Homofobinin kurumsallaşması ve Polonya’nın Kadın, Barış ve Güvenlik (WPS) Yükümlülükleri

Polonya’da homofobi ve transfobinin kurumsallaşması Kadın, Barış ve Güvenlik gündeminin uygulanması bağlamında ne ifade ediyor?

Polonya, Kadın, Barış ve Güvenlik ile ilgili, 2018-2021 dönemi için ilk Ulusal Eylem Planını (UEP) 2018’de kabul etti. UEP, bölgedekilerin çoğu gibi, öncelikle kadınların silahlı kuvvetlere katılımına ve Polonya’nın dış politikasına odaklanıyor. Dört ana dayanaktan oluşuyor:

  1. Kadınların çatışmanın önlenmesi ve barışın korunmasına anlamlı katılımı;
  2. Polonya insani yardım ve kalkınma yardımı yoluyla Kadın, Barış ve Güvenlik gündeminin uygulanması;
  3. Çatışmalara bağlı cinsel ve cinsiyete dayalı şiddet mağdurlarının korunması ve desteklenmesi; ve
  4. Polonya’da ve uluslararası işbirliği yoluyla Kadın, Barış ve Güvenlik gündeminin teşvik edilmesi ve geliştirilmesi.

UEP, LGBTQ topluluğundan veya haklarından doğrudan bahsetmiyor. Öte yandan, UEP’deki ana hedef gruplar –kadınlar ve çatışmalara bağlı cinsel ve cinsiyete dayalı şiddet mağdurları- lezbiyen, biseksüel ve trans kadınları kapsayabilir. Bununla birlikte, LGBTQ kişilere yönelik nefret söyleminin ve şiddetin artan yaygınlığı, meşrulaştırılması ve kurumsallaşması, dört temelin da anlamlı bir şekilde uygulanmasını engelleyen bir ayrımcılık iklimi yaratmaktadır.
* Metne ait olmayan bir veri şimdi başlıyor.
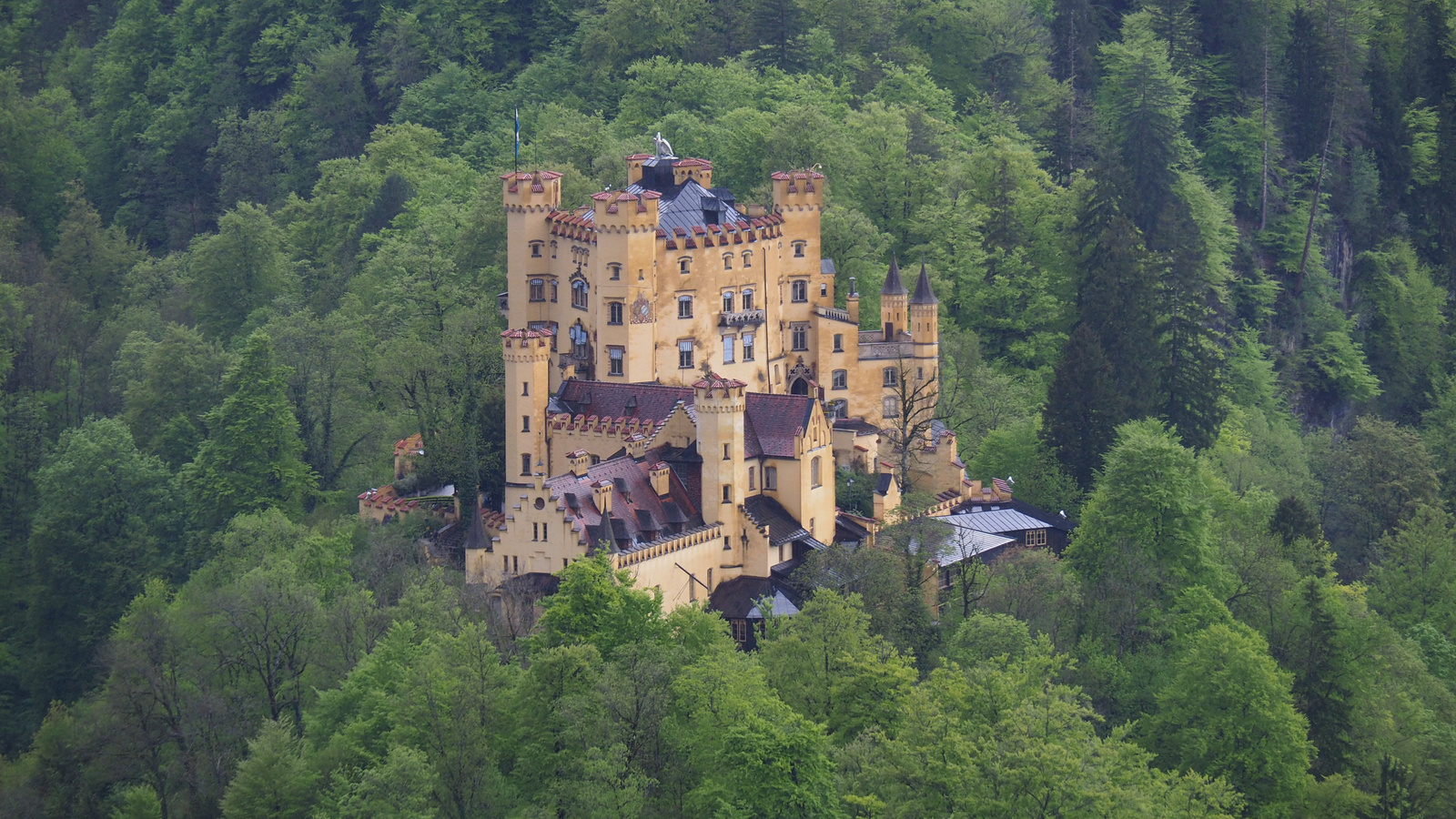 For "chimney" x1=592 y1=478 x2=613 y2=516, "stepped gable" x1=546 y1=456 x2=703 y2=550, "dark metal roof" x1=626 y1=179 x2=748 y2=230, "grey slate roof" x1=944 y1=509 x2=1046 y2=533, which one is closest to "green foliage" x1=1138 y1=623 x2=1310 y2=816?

Kadın, Barış ve Güvenlik gündeminin destekçileri ve yürütücüleri arasında, taahhütlerin uygulanmasının daha geniş bir ayrımcılık yapmama ilkesine dayandırılması ihtiyacına dair artan bir kabul var. Başka bir yerde tartıştığım gibi, Kadın, Barış ve Güvenlik hedefleri – hem dış yardım ve politikaya, hem de iç meselelere odaklanan- ancak yapısal cinsiyet eşitsizlikleriyle mücadele edilirse gerçekleştirilebilir. Bu nedenle kararlar, Kadınlara Karşı Her Türlü Ayrımcılığın Önlenmesi Sözleşmesi (CEDAW) tarafından belirlenen daha geniş normatif çerçeve bağlamında yorumlanmalıdır.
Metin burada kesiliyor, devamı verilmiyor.